Les « stocks » de main- d'œuvre.

Publié le par pierre

                             
                                      Ce n'est pas bon de stocker « ça coûte », Le « flux tendu » telle est la pratique actuelle, sauf pour la main-d'œuvre. C'est ainsi que l'on désigne des femmes et des hommes en capacité de travailler et de produire et nous disposons tous de cette capacité. Ce stock  dans nos pays industrialisés, c'est le chômage . Il ne « coûte pas », il est un moyen de peser sur le prix de la force de travail. Il connaît les fluctuations conjoncturelles d'un mal inhérent au système de la recherche du profit maximum dont le coût du travail est l'élément compressible. C'est un stock artificiel et épuisable selon la conjoncture.

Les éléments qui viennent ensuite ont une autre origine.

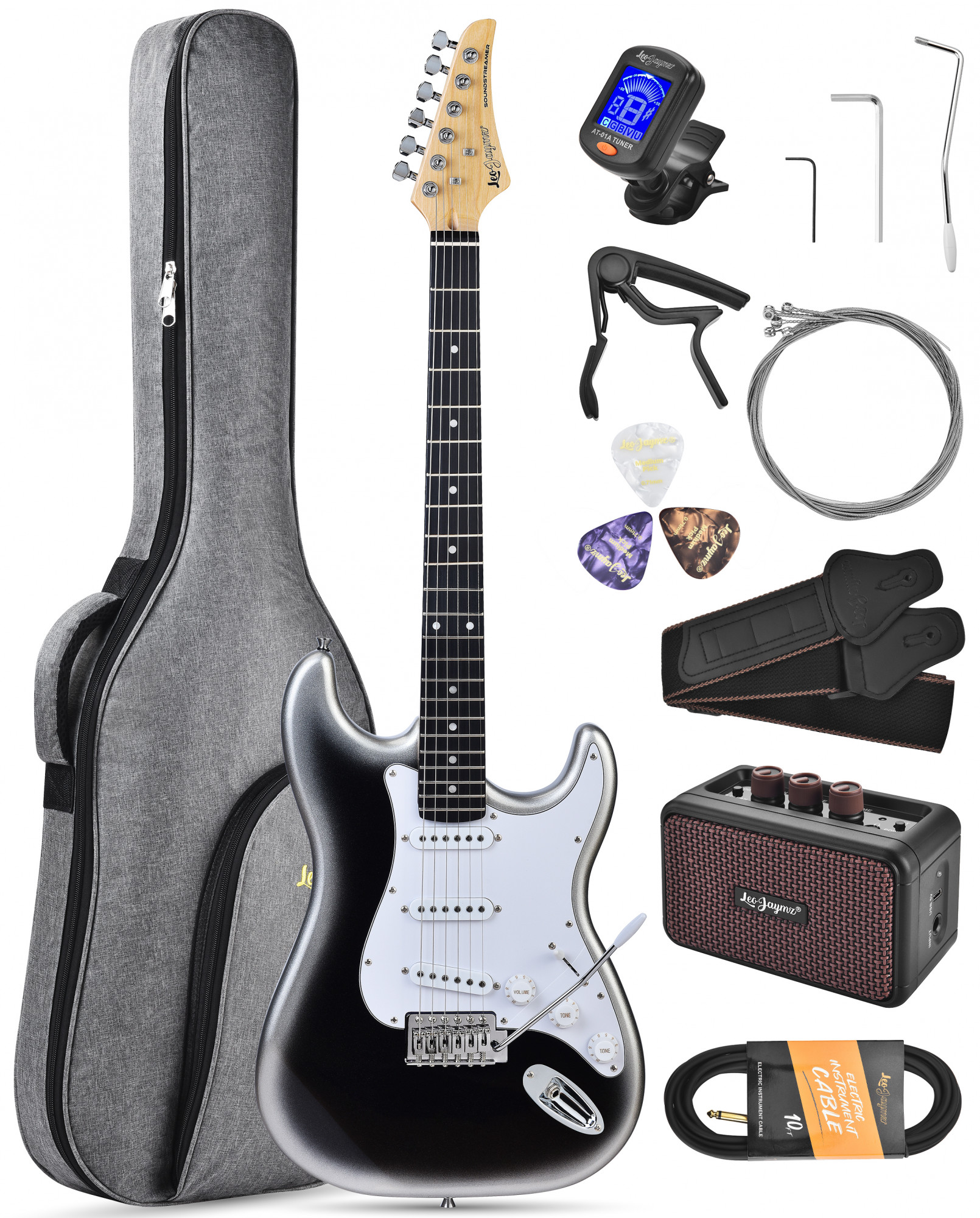Leo Jaymz white black fade Beginner Electric Guitar Complete Kit with Portable Amp Padded Gig Bag Full Accessories Maple Neck SSS Pickups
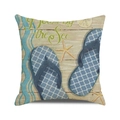 Square ocean theme cushion cover with blue flip flops and 'Down by the Sea' print - Down by the Sea Style (22)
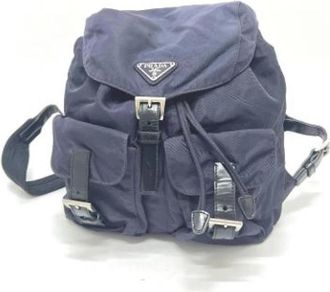 Prada Pre-owned Vintage Rugzak - unisex - Vintage Rugzakken - Blauw - ONE Size - Leer - Vintage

Ces fluctuations sont régulièrement corrigées par l'immigration afin de maintenir un « équilibre » de l'offre et la demande favorable au patronat  et suffisante au maintien de la pression sur les salaires.
                                    Il y a un stock naturel ,si le premier utilisé a été l'immigration pour les tâches les plus ingrates, la mécanisation et les techniques nouvelles nécessitent une main-d'œuvre plus qualifié et cela suppose de la formation. Toujours dans la recherche du profit, cette formation a un coût. On nous propose donc l'immigration choisie, formée pour les secteurs ou l'évolution des salaires est à la hausse, en faisant l'économie de la formation nécessaire. Ce qui permet de les maintenir  dans un cadre jugé raisonnable par le patronat. Avec la mondialisation libérale, la seconde partie du stock naturel est à l'extérieur, dans les pays tiers, avec un fort potentiel de femmes et d'hommes inoccupés ou hors du système de production capitaliste dont la plupart sont des producteurs directs d'une économie essentiellement vivrière. Ces pays pauvres  , les uns exploités pour leurs ressources et d'autres pour leur main-d'œuvre, le tout à très bas coûts, ne possèdent aucune législation du travail et les salariés ne bénéficient d'aucune protection. Il n'y a pas de « charges » ou si peu et aucun droit. Les droits de l'homme n'y sont pas respectés et les dictatures veillent par tous les moyens à la réalisation de profits exorbitants . C'est pour nos « investisseurs » une source inépuisable et quasiment gratuite.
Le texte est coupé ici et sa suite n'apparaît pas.